→ **Task to complete**: Each line from the one containing "Express Blue Skinny" to the end of the entries below is to be set down exactly; the pictures are not.

→ **Data**:
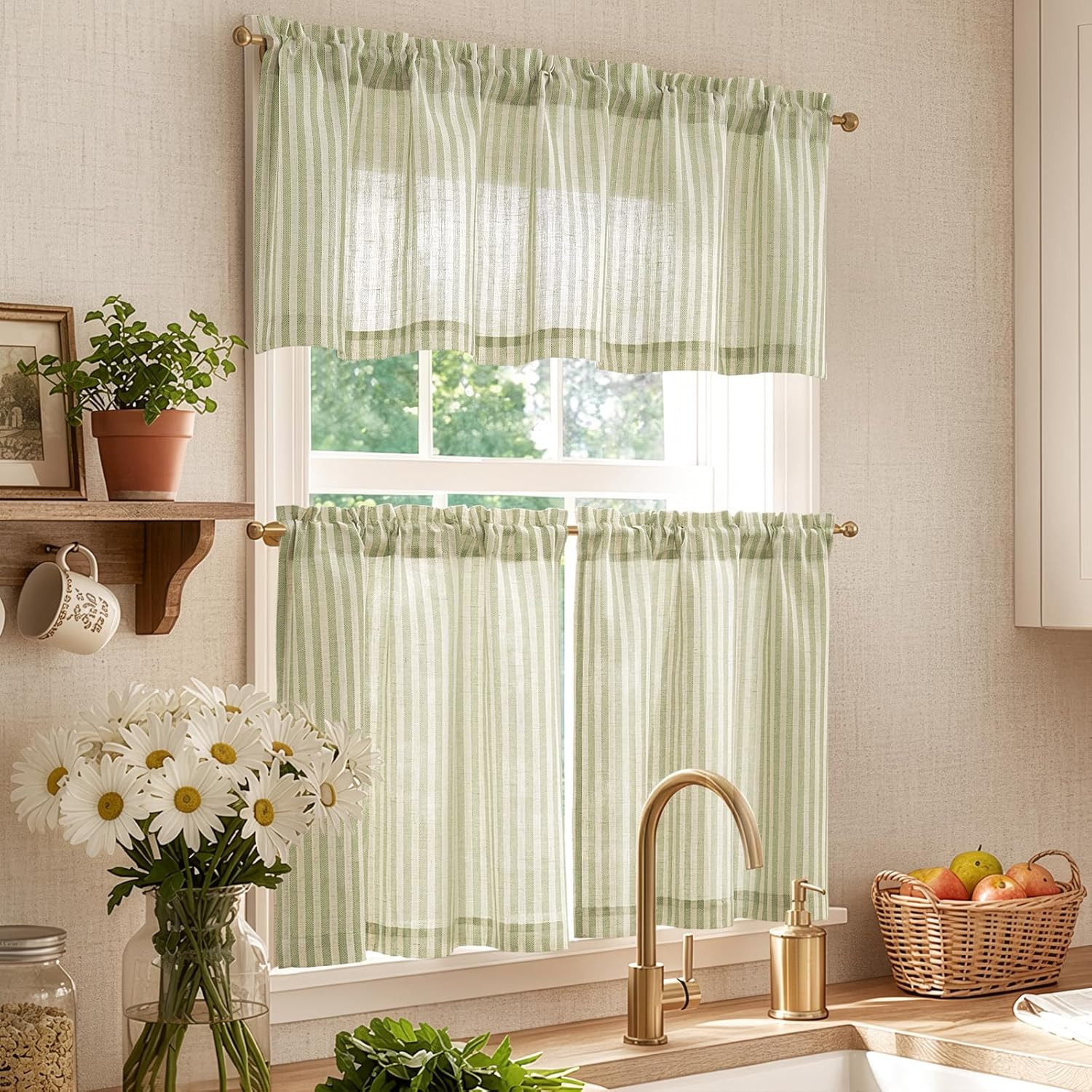JINCHAN Kitchen Curtains and Valances Set Striped Tier Curtains Ticking Stripe L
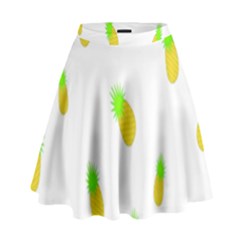 Cute Pineapple Fruite Yellow Green High Waist Skirt by Mariart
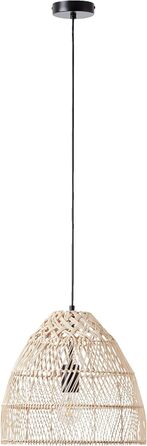 Підвісний світильник в природному стилі з коротким кабелем - висота 120 см - Ø 35 см - цоколь E27 - макс. 25 Вт - виготовлений з ротанга/металу - в натуральному/білому кольорі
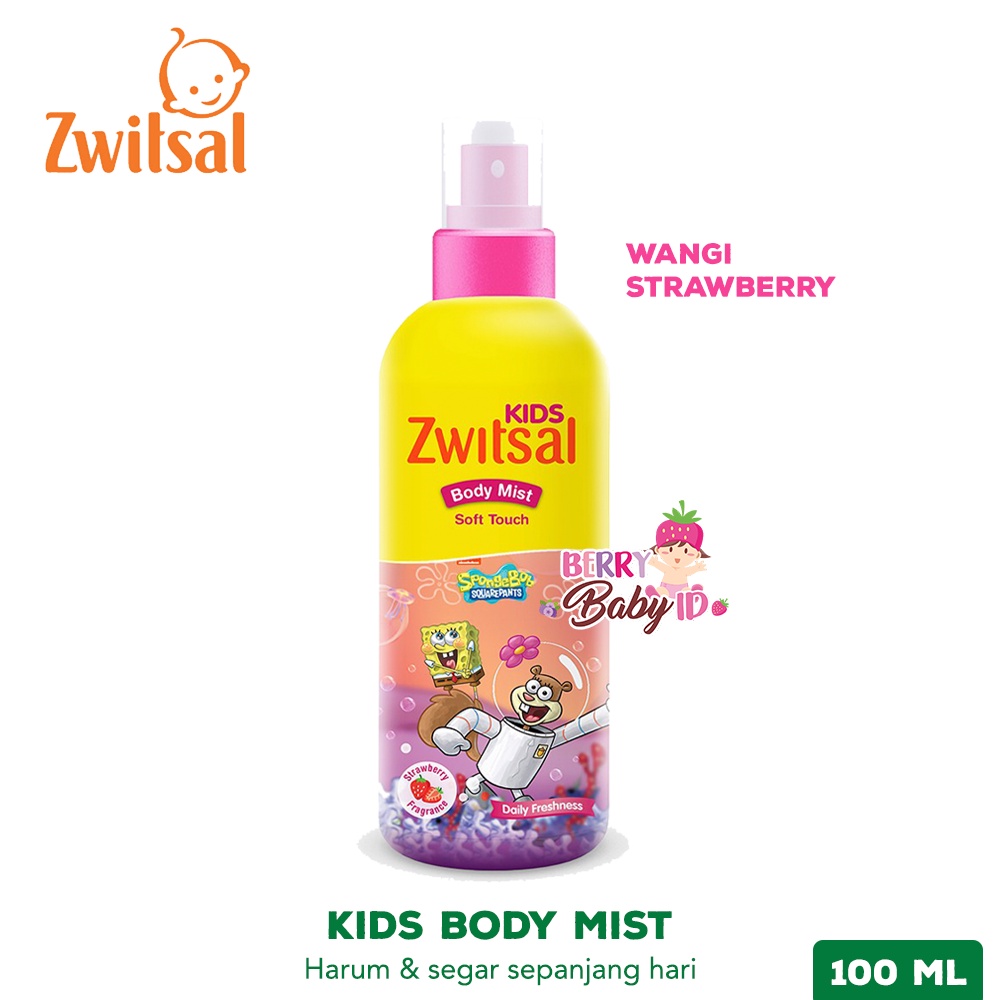 Zwitsal Kids Body Mist Anak Spongebob Blue Fresh Touch Pink Soft Touch Berry Mart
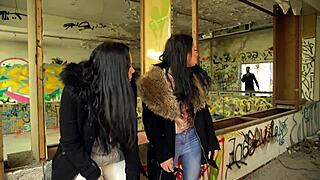 I watch Julia and Maria in risky outdoor threesome.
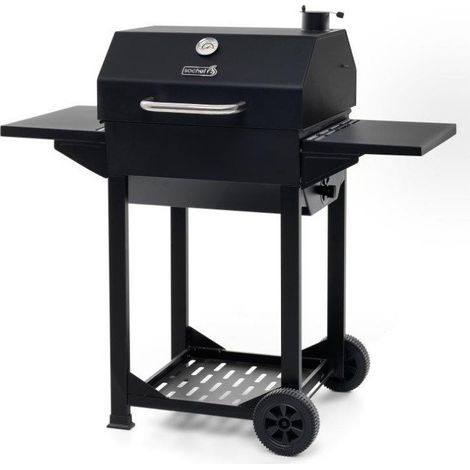 Barbecue a Carbone Clint con Affumicatore Griglia Inox 51x49cm, Regolabile, con Mensole e Termometro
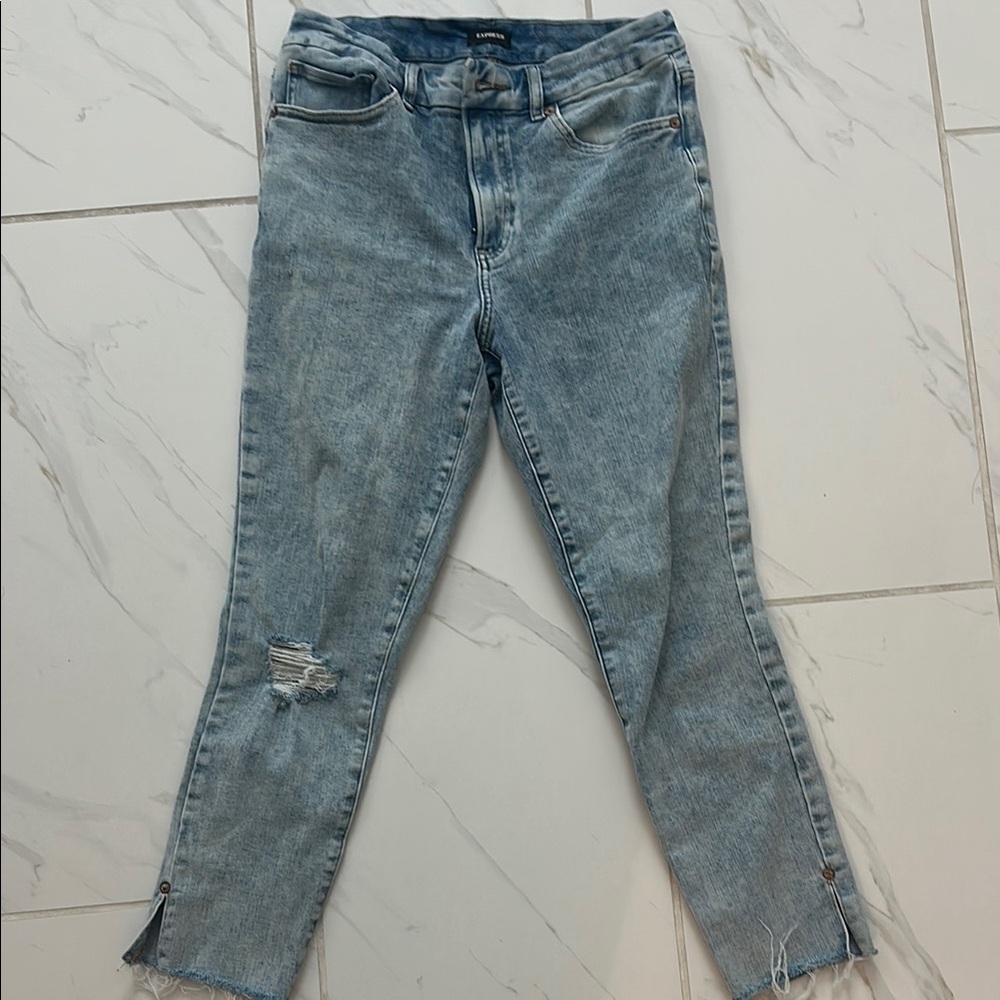 Express Blue Skinny high rise Jeans with Distressed Details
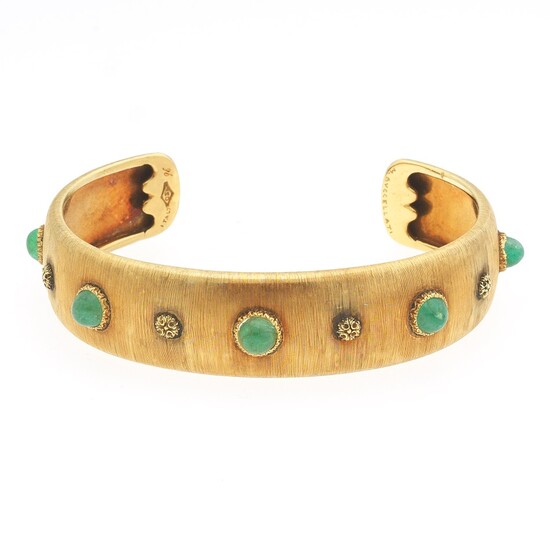 A Buccellati 18k Gold and Emerald Cuff Bracelet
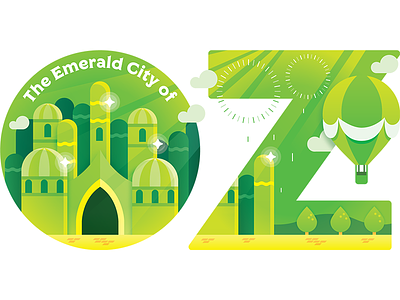 Travel Sticker - Emerald City of Oz cartoon dorothy illustration somewhere over the rainbow vector wizard of oz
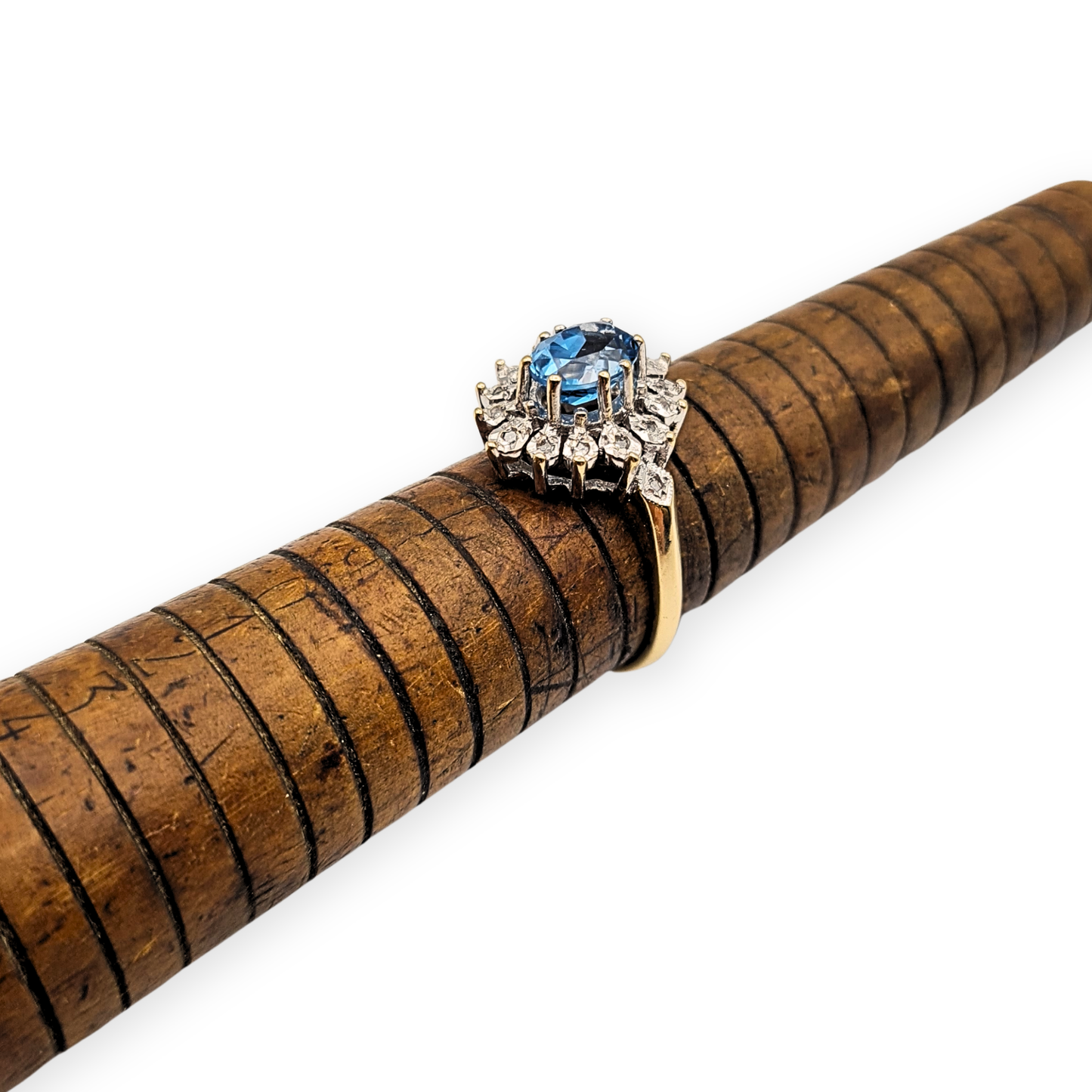 9ct Gold Oval Blue Topaz & Diamond Cocktail Ring - Size UK N, US 6 3/4,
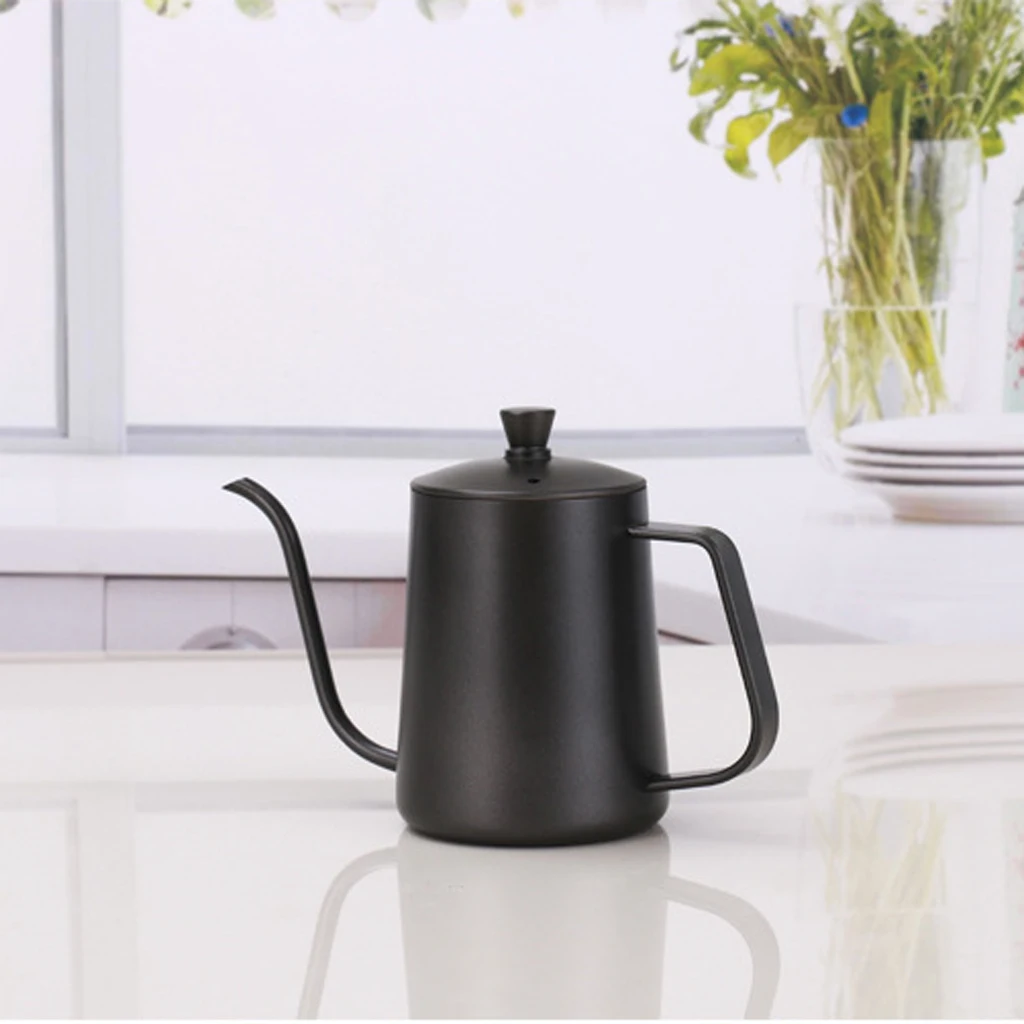 Coffee Stainless Steel Moka Kettle Coffee Kettle Drip Tea Pot Teaware 600ml BLK Retro Kitchen Cafe Teapots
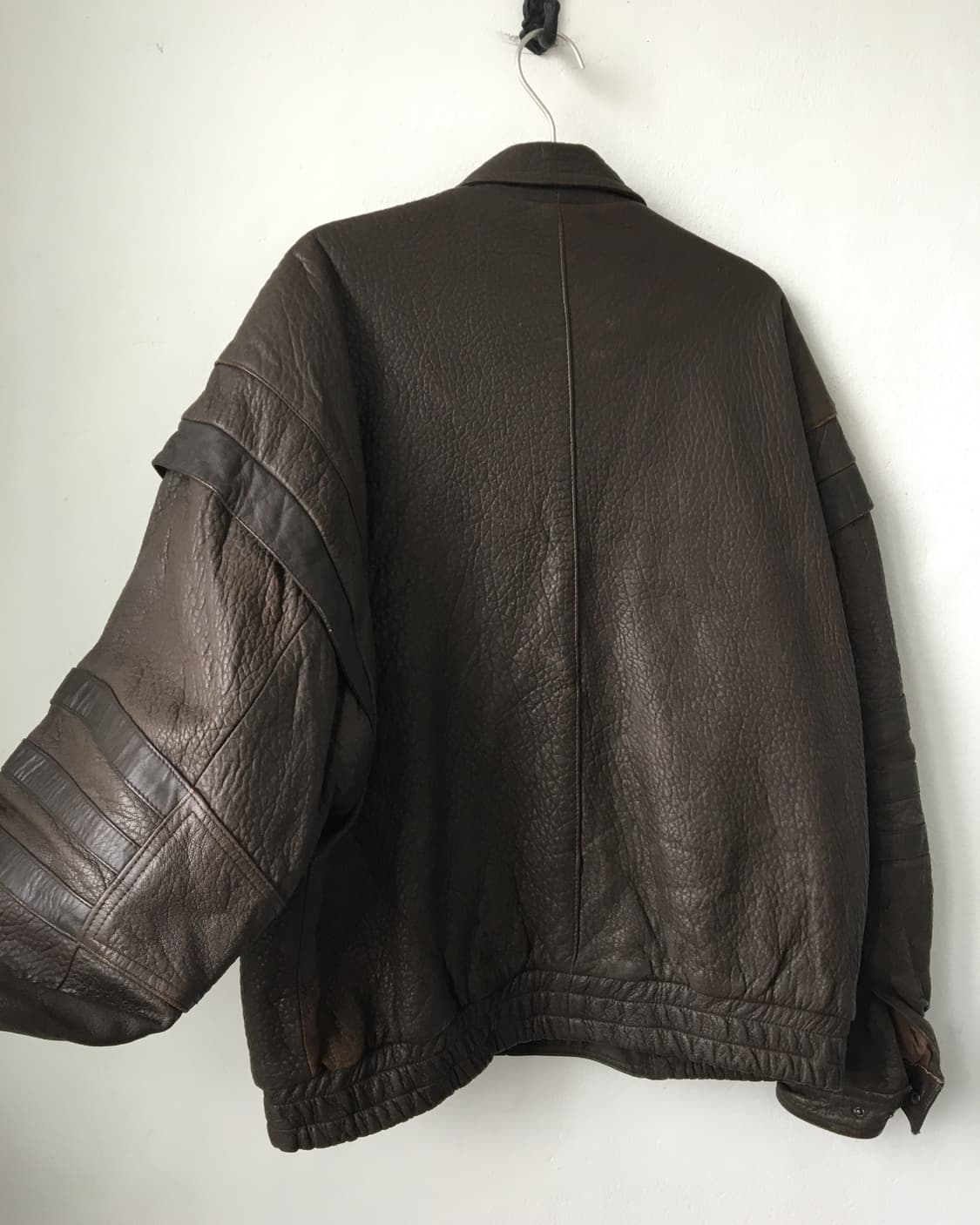 Leather bomber brown jacket 상품이미지5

→ **Answer section**:
 Express Blue Skinny high rise Jeans with Distressed Details
 A Buccellati 18k Gold and Emerald Cuff Bracelet
 Travel Sticker - Emerald City of Oz cartoon dorothy illustration somewhere over the rainbow vector wizard of oz
 9ct Gold Oval Blue Topaz & Diamond Cocktail Ring - Size UK N, US 6 3/4,
 Coffee Stainless Steel Moka Kettle Coffee Kettle Drip Tea Pot Teaware 600ml BLK Retro Kitchen Cafe Teapots
 Leather bomber brown jacket 상품이미지5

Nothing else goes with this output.